We decided that we would proceed to purchase the product. Realizing that there would be
significant work building initial memory and figuring out difficulties with the product, we
planned to implement SDLX in our process using a non-critical project. webMethods was doing
the initial work to add Simplified Chinese to our language mix. This work was done on already-
shipping products, without the added complexity of simship or product development
coordination and during a coincidental lull in other activities.
Using SDLX
Using SDLX begins by creating a “project.” The engineer selects the files to process, which must
all reside in the same directory. The tool provides a variety of “filters,” which are software
components that know the file format, identify text that is available for translation and break it
into segments. Because file formats are somewhat variable, each SDLX filter provides a myriad
of options that allow you choose exactly how to handle the files in the project. For example, the
XML filter allows you to specify which tags (elements) contain segments and which attributes
are translated.
The greatest variety of filters is for online web content. There is a plain HTML filter, plus
several designed for server-side scripting languages (such as PHP or ASP). The oddly named
WBF filter is the most versatile and is the one webMethods used to process our DSP (and later
JSP) pages.
The various filters each have issues related to how input is converted into segments for
translation and back. Some of the filters try to correct mismatched pairs of tags (for example
matching every "<p>" with a "</p>") — including, oddly, the server-side scripting filter. Each of
the filters handles embedded JavaScript differently.
Editing and Translating
The translator's tool is a Windows program that shows a grid of source and target language
segments side-by-side. Colored segment numbers indicate whether a target language segment is
a 100% match, partial match, locked, and so forth.

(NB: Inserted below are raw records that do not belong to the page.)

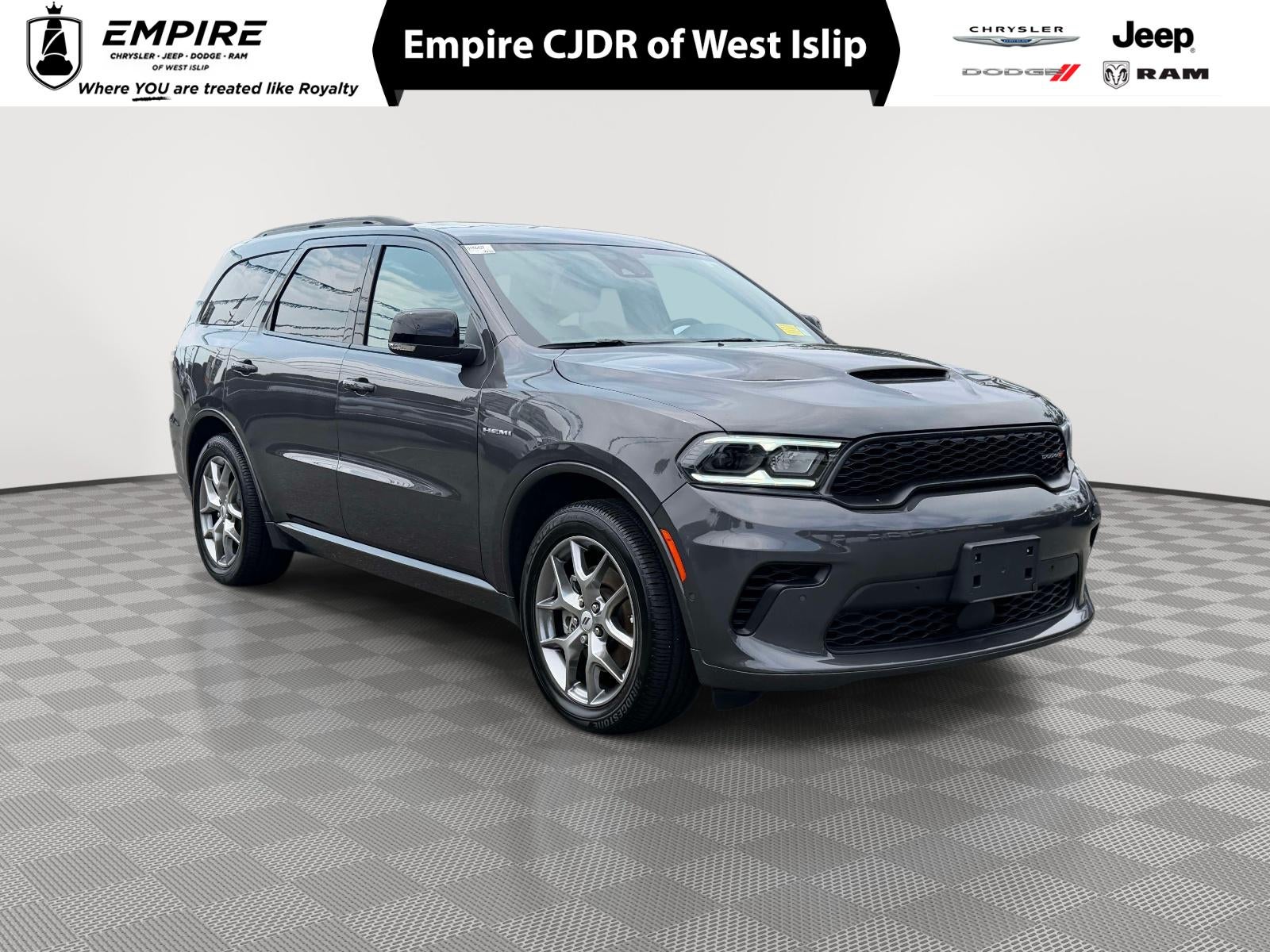 2026 Dodge Durango GT Plus AWD HEMI V8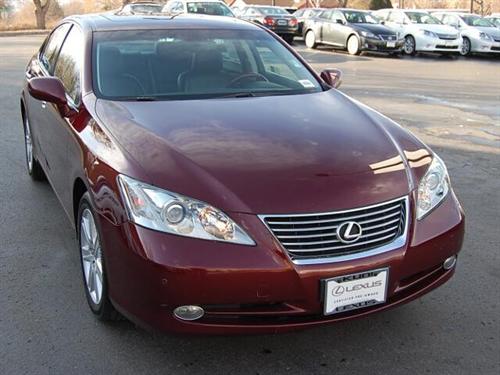 Lexus ES 350 2008 photo 1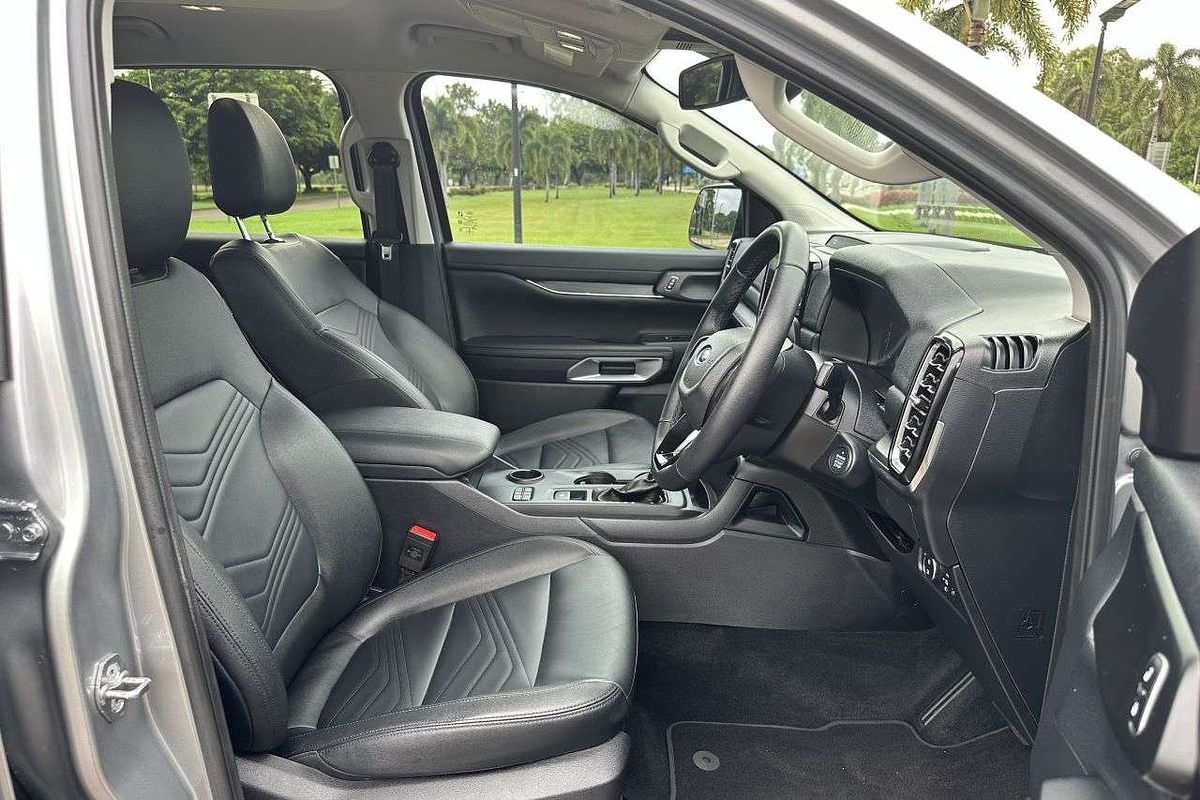 2022 Ford Everest Trend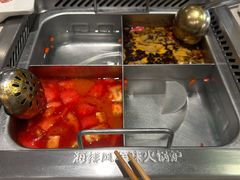 -海底捞火锅(万科广场店)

The translators also have a large window in which they can see concordances with the memory
or with a TermBase (glossary). The translation environment is easy to use and integrated with the
other SDLX tools. The files (called “ITDs”) are basically Microsoft Access database files.
There are various versions of the translation suite. A key selling point is the availability of a free
version, called SDLX Lite. In order to use this tool, you must purchase the “Elite” version of the
suite (only ITDs produced using Elite can be read by Lite). If your vendors are willing to
purchase “Standard” or “Pro” licenses for themselves, you won’t need a special license version
to prepare translation kits.
Handling Embedded Formatting
The translation tool allows translators to control the way that formatting is interpreted as well. In
most cases, SDLX replaces embedded formatting information with visual cues. The translator
can move the formatting around using a special mode called “Format Painter.” With TRADOS
we frequently found that embedded formatting caused a segmentation break, which makes it
more difficult to create a good translation. With SDLX we found that segmentation problems of
that sort were much reduced.
Another thing that can occur in a segment is replacement text (such as variables in a software
message or server-side scripts in an HTML page). Such an item is represented in SDLX as a
small red vertical bar. As with formatting, the “red bars” can be moved using the Format Painter.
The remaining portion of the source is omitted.